Neither of these are true. But don’t blame the NCA for the falsehood, blame the people they asked. They are the culprits. They are Americans. And they are lying. But not on purpose. No. They lie because they don’t know the real reasons they drink coffee.
Advances in science and market research teach us that when people are surveyed, by and large their responses about what motivates them do not tell the whole truth. And, although we have trouble accepting it as truth, most of our behavior as conscious human beings is the result of unconscious mental activity. Which by itself is a reasonable assertion. But it’s not the whole story. The rest of the story is that our conscious mind is forbidden to access the workings of the unconscious mind. The two simply do not interact. If they did, we would never be able to make a decision. There’s a mountain of science to corroborate this. But not here. Not now.

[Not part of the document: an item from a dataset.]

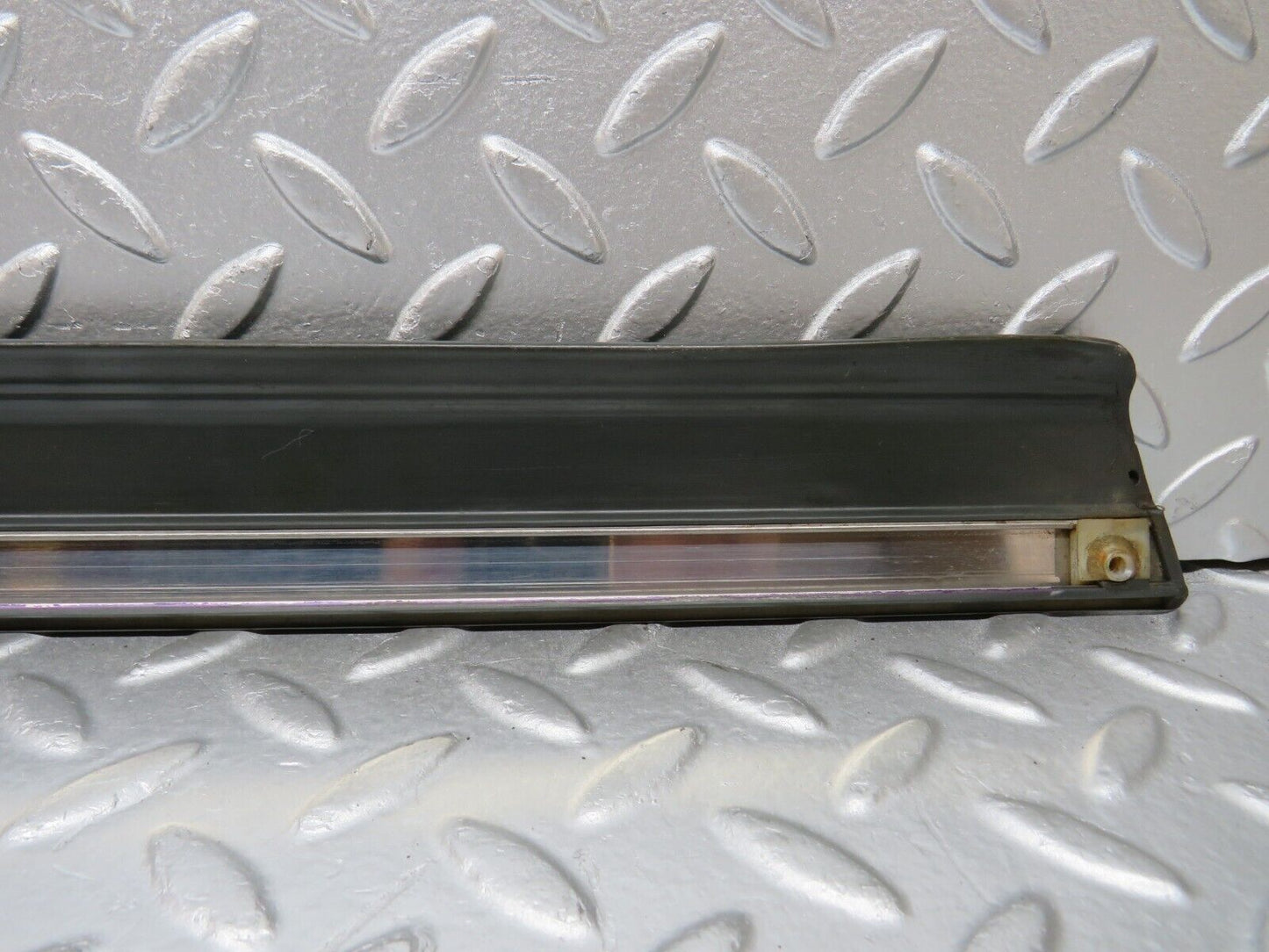 30795 Mercedes-Benz W201 190E 2.0L Rear Left Door Lower Moulding Trim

Since we don’t have conscious access to what really drives our behavior, we make up stories that justify our actions. Thus, the keys to good marketing aren’t found in what people say, but what they aren’t saying, because they can’t access that which motivates them. It is ingrained, unavailable information.
Take heart, however. Because according to research by anthropologist Clotaire Rapaille, one need look no further than to people’s memories to discover most of what motivates them as sentient adults. He presented the following scenario to Folger’s after interviewing several people about their coffee memories. The pattern was clear. And the true meaning of coffee was revealed.

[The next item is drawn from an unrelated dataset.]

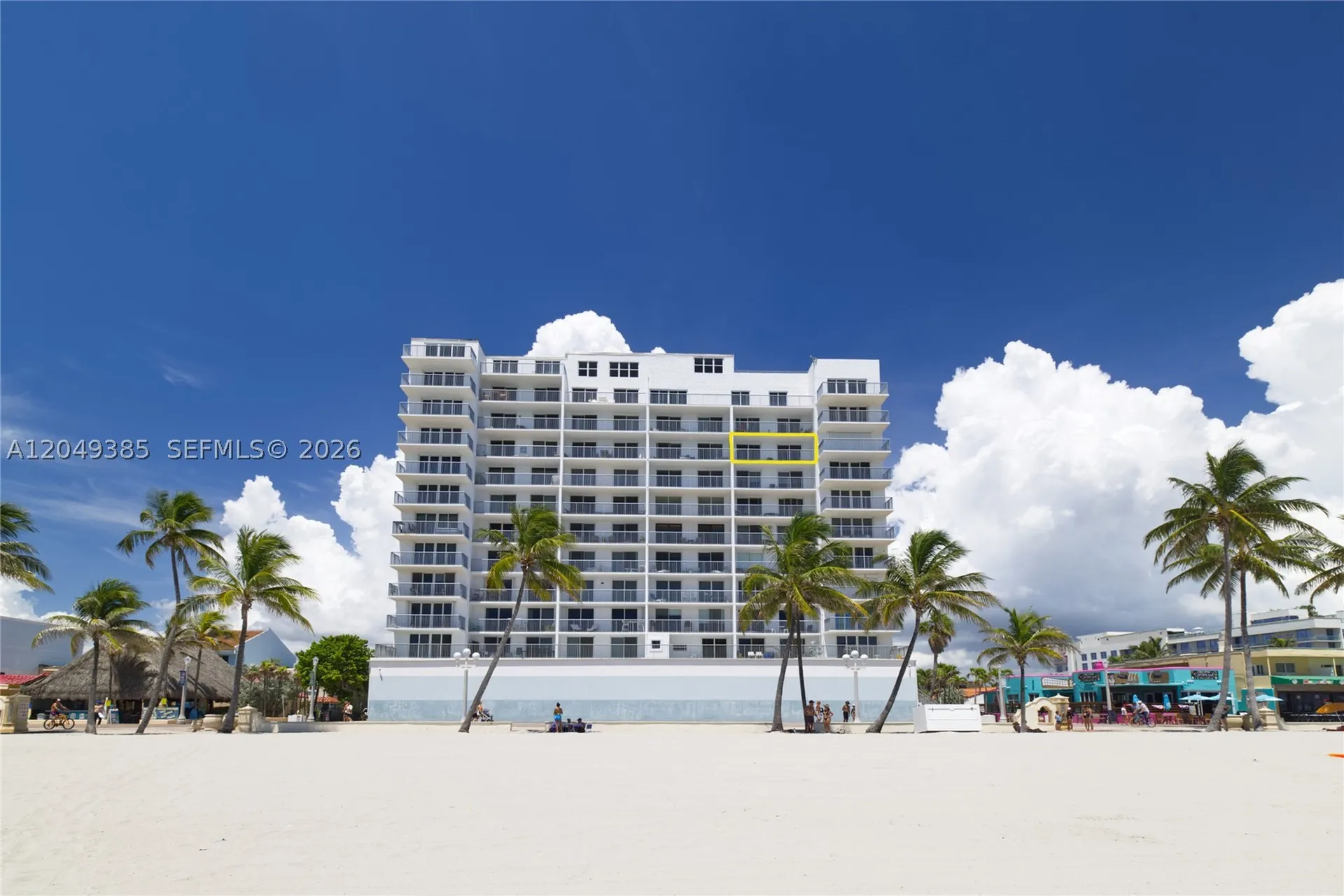 400 N Surf Hollywood FL 33019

In America, the smell of coffee fills our homes as children while our mothers are busy making sure we’re fed and cared for. And, for the rest of our lives we associate the coffee aroma with “childhood sensations of cozy domesticity.” The smell of coffee = Mother. The liquid in the pot = Home.
It should come as no surprise, then, that our sense of smell makes our final judgement on coffee. Or why women would say, “It’s a good way to relax.” (How relaxing is it to have Mom taking care of you?) Or why men would say, “It helps me get the job done.” (What boy doesn’t want to finish the task and make Mom proud?)
Folger’s took Rapaille’s insight and ran with it. Today, they enjoy the lion’s share of household coffee sales, which is twice that of their closest competitor Maxwell House. And, its safe to say that their success in winning over Americans hinges on their understanding that coffee isn’t a warm, brown, stimulating beverage. Rather, it’s a cup full of happy childhood memories, every time.